Dataset entries
--- --- ---
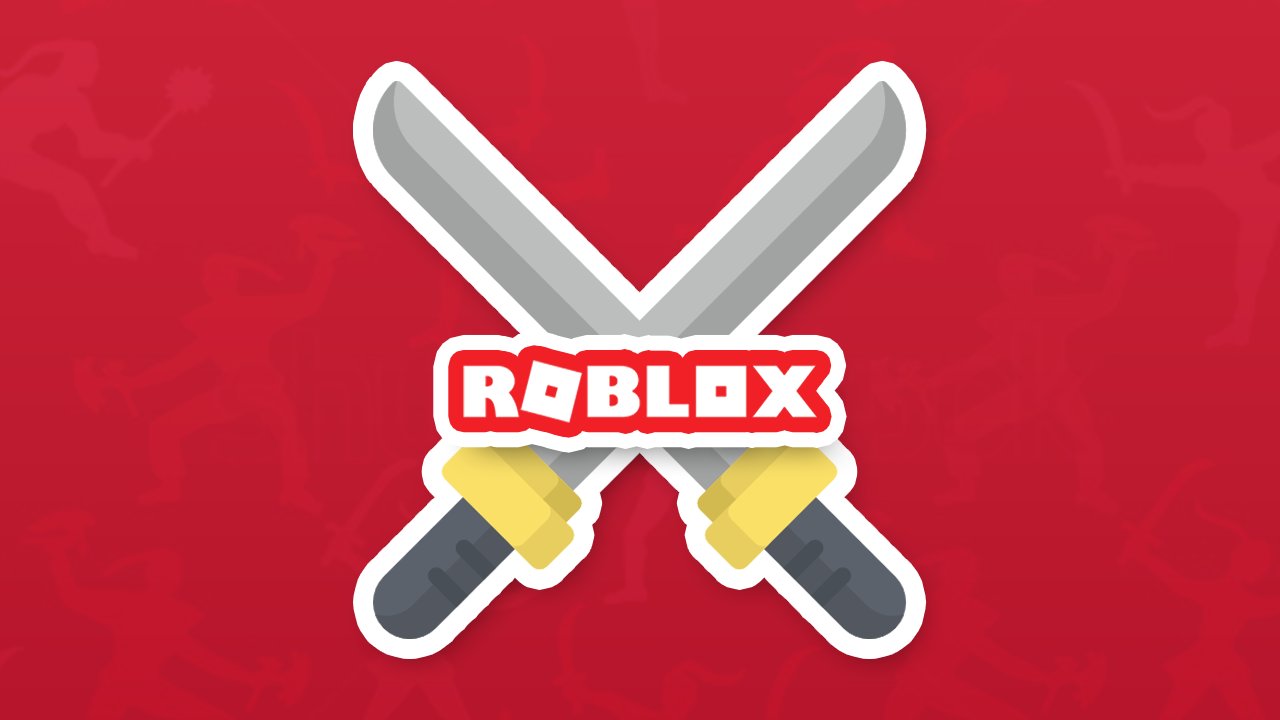 Roblox Katana Simulator Codes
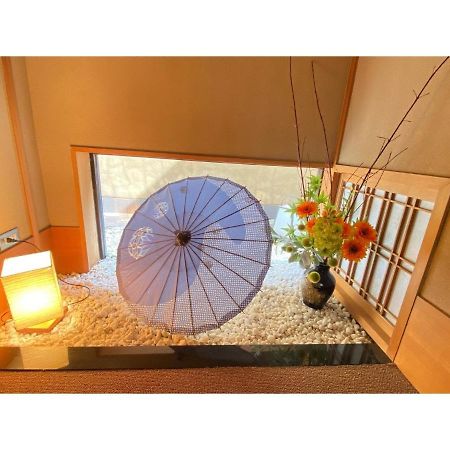 Nishiura Grand Hotel Kikkei - Vacation Stay 85445V Gamagori Dış mekan fotoğraf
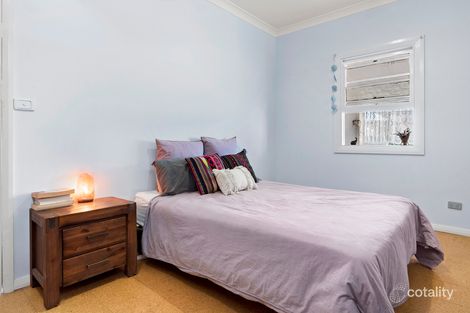 Property photo of 14 Anzac Parade Teralba NSW 2284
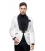 Filip Cezar Transient Jacket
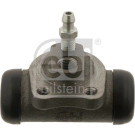 FEBI BILSTEIN Radbremszylinder | 06794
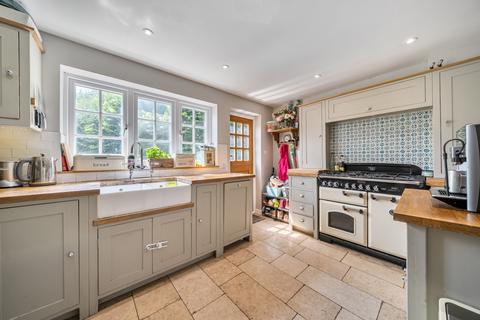 undefined, Rose Cottage, Radstock, BA3
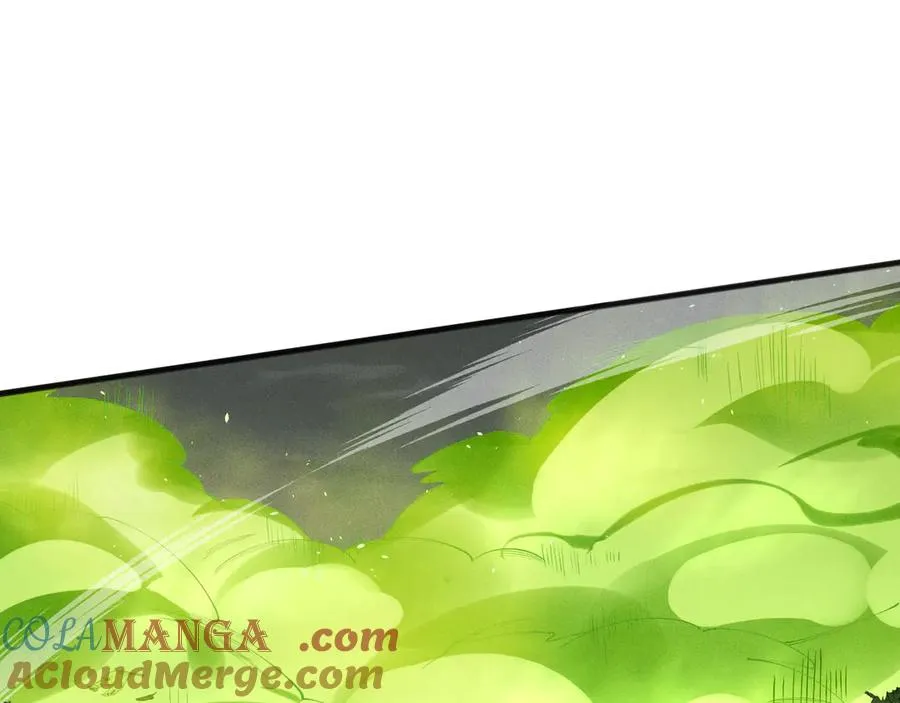 第106话 专攻灵魂！80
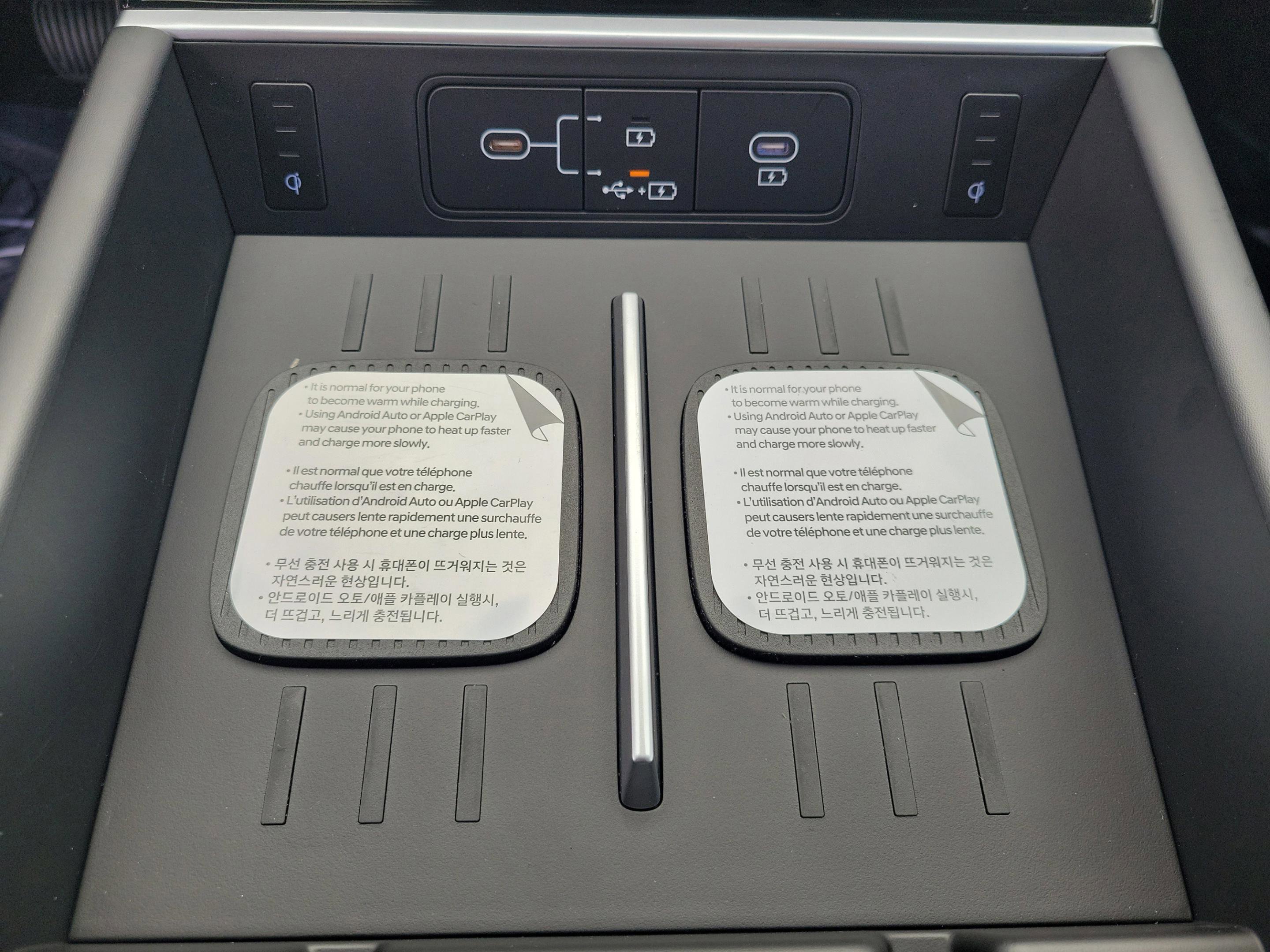 New 2026 Hyundai Santa Fe XRT image 21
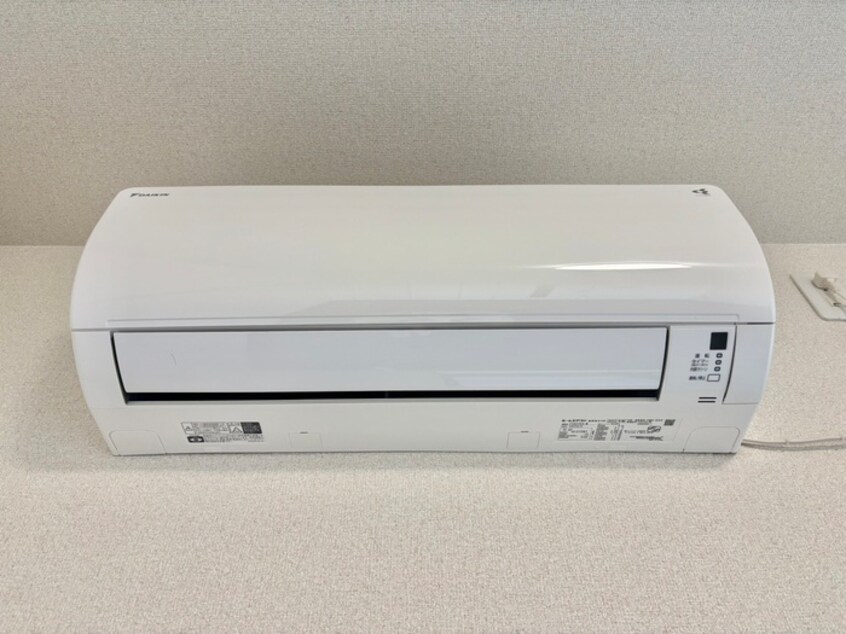 内観写真 Ｍ．Ｓｔａｇｅ藤が丘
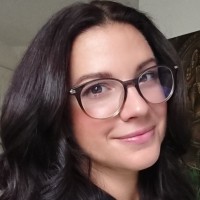 Therése Hagman Engström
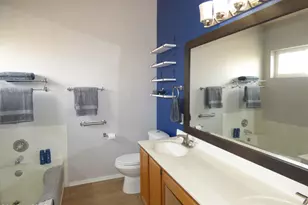 7192 W Rivulet Dr, Tucson, AZ 85743 - Photo 11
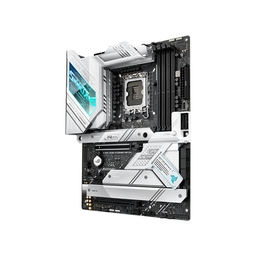 Asus ROG Strix Z690-A Gaming WIFI D4 90MB18K0-M0EAY0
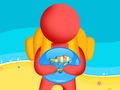 Laro Build Your Aquarium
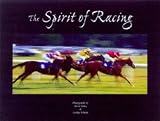 The Spirit of Racing (The Spirit of Series)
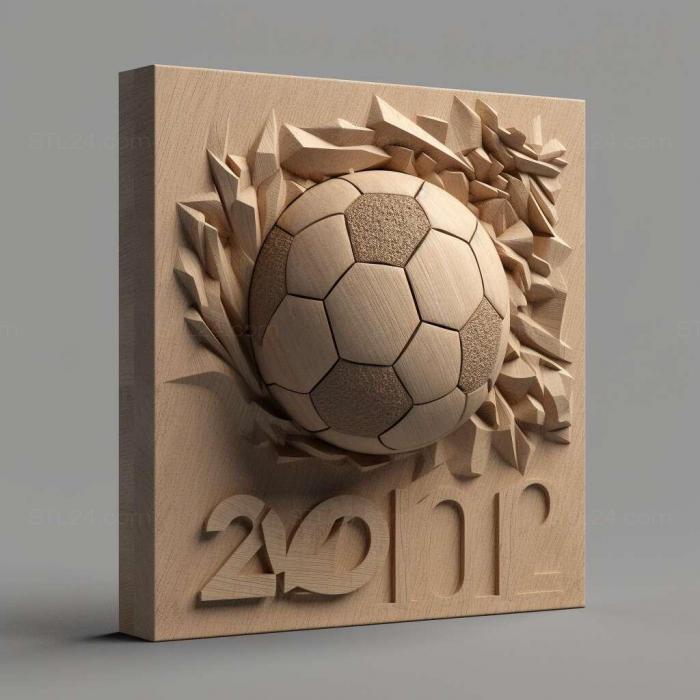 eFootball PES 2020 2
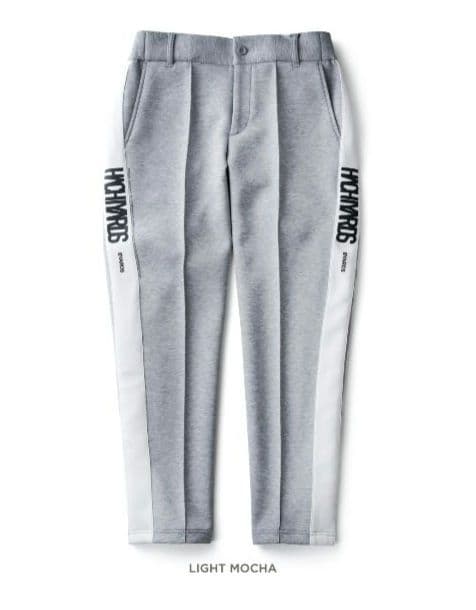 Ka-shiさん専用 ★美品★8YARDS SIDEFENDER 3G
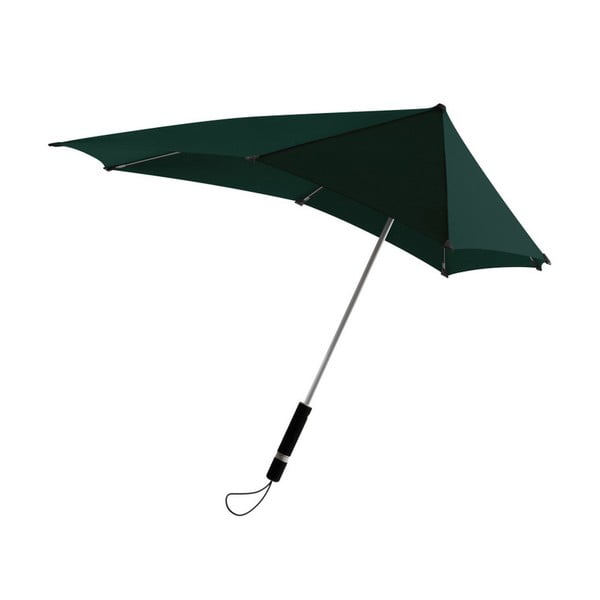 Deštník Senz XL Green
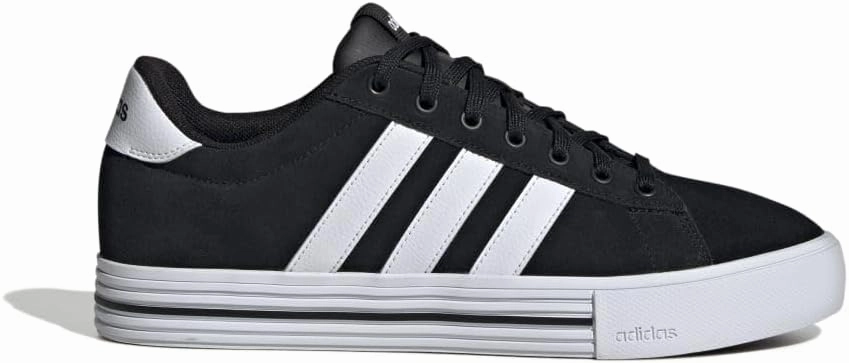 adidas Men's Daily 4.0 Sneaker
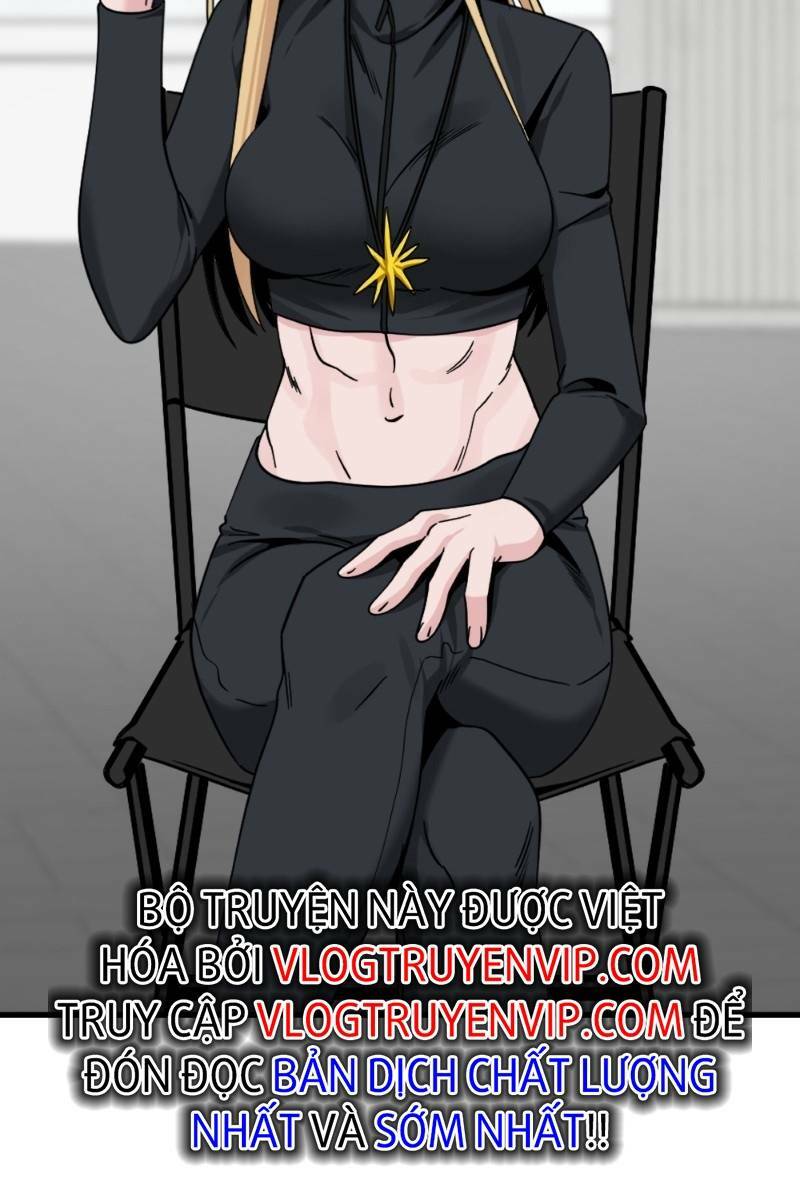 Kẻ giết anh hùng - Chapter 91 - Page 91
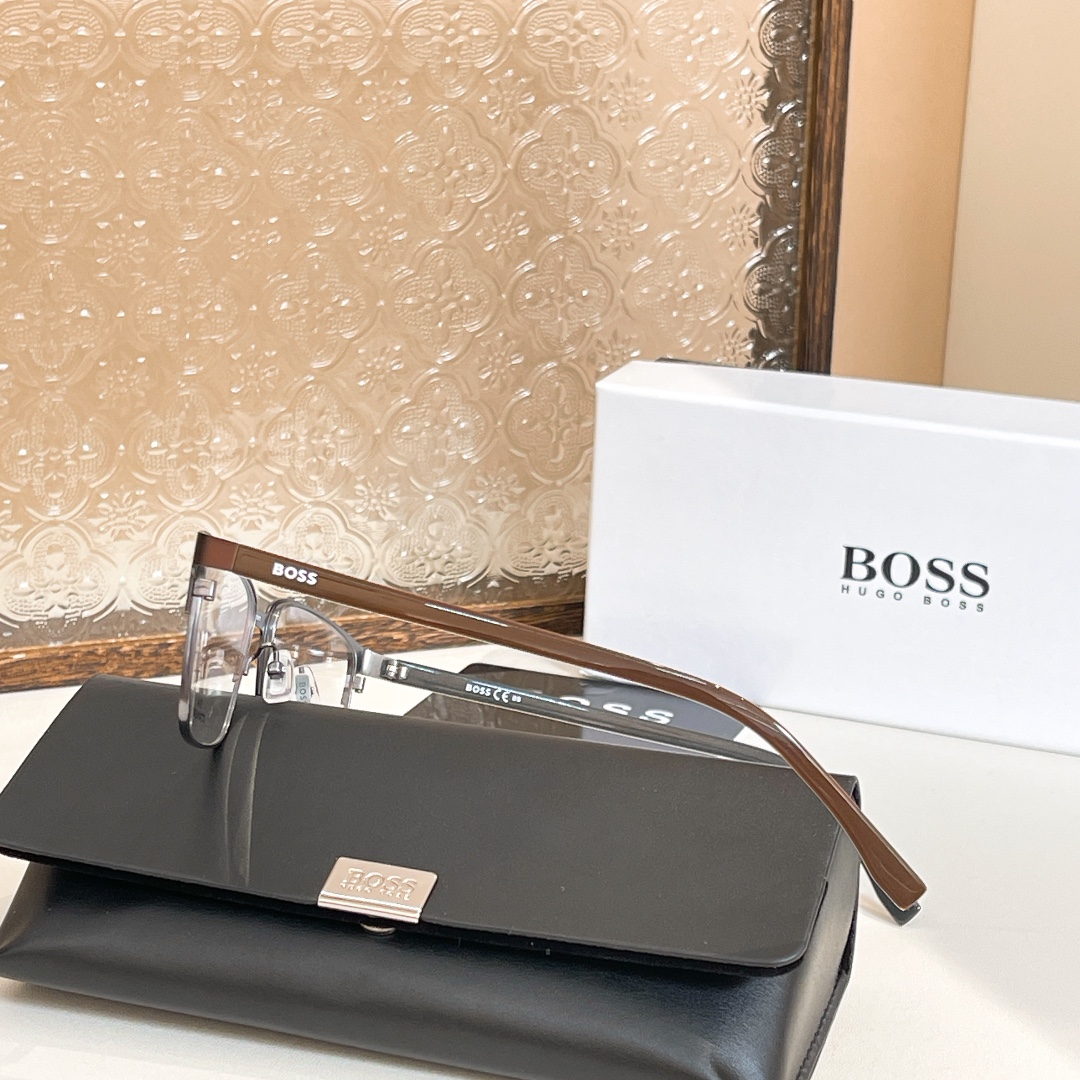 BOSSMODEL:0808/FSIZE:56口17-145钛高版本
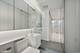 880 N Lake Shore Unit 3E, Chicago, IL 60611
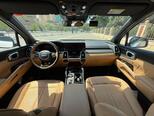 Kia Sorento-17
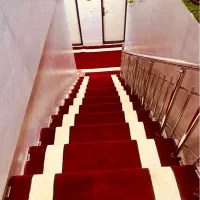 اجاره زیر زمین با متراژ ۱۲۰ متر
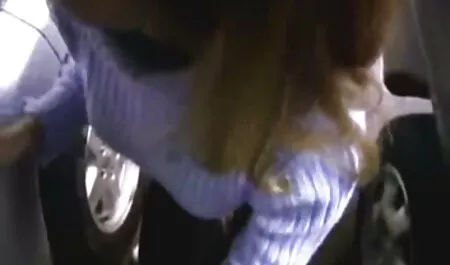 ボスクソ彼の秘書の創造性 セックス 女性 向け 動画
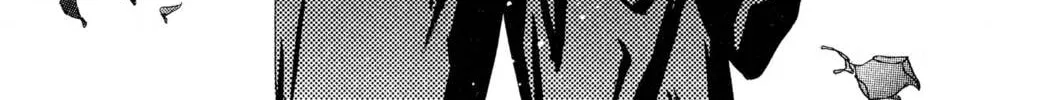 Read Hands Off! chapter 13 image 1 on Lezhin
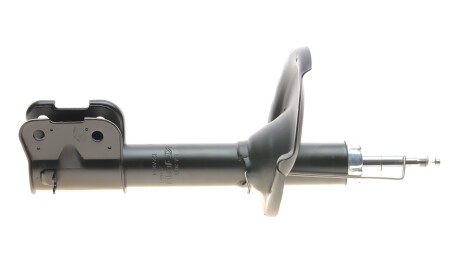 Фото 2 - Стійка амортизатору (амортизатор) KAVO SSA-3055 (SSA3055)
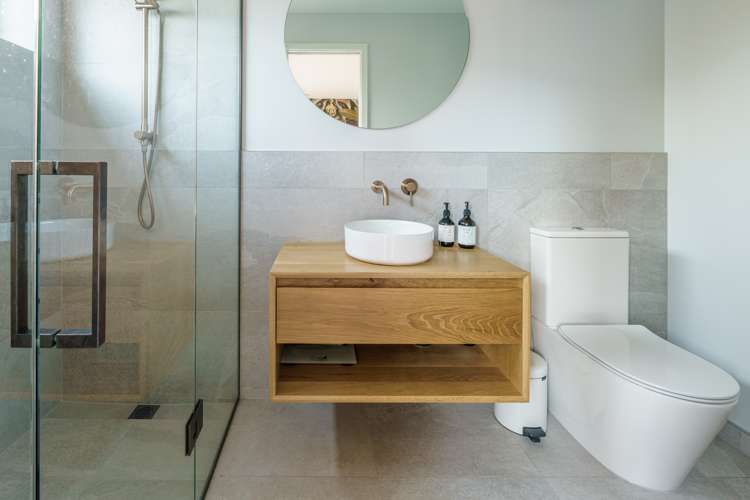 12 Jade Drive Wanaka_23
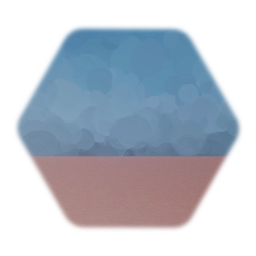 Minha Criação - 6/9/2022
--- --- ---
Reproduce exactly and only the lines from the line that contains "Фото 2 - Стійка" to the end of the data above, both ends included. No pictures go in the copy.

 Фото 2 - Стійка амортизатору (амортизатор) KAVO SSA-3055 (SSA3055)
 12 Jade Drive Wanaka_23
 Minha Criação - 6/9/2022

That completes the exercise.